**WORK ITEM**
Your response should contain every line from the data below that holds the string "with".

**DATA RECORDS**
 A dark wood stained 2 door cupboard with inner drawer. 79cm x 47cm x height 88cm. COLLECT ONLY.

---

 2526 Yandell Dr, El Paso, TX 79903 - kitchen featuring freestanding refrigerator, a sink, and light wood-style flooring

--

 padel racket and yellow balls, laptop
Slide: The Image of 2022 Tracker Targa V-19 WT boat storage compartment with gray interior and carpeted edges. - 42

**TASK ANSWER**
 A dark wood stained 2 door cupboard with inner drawer. 79cm x 47cm x height 88cm. COLLECT ONLY.
Slide: The Image of 2022 Tracker Targa V-19 WT boat storage compartment with gray interior and carpeted edges. - 42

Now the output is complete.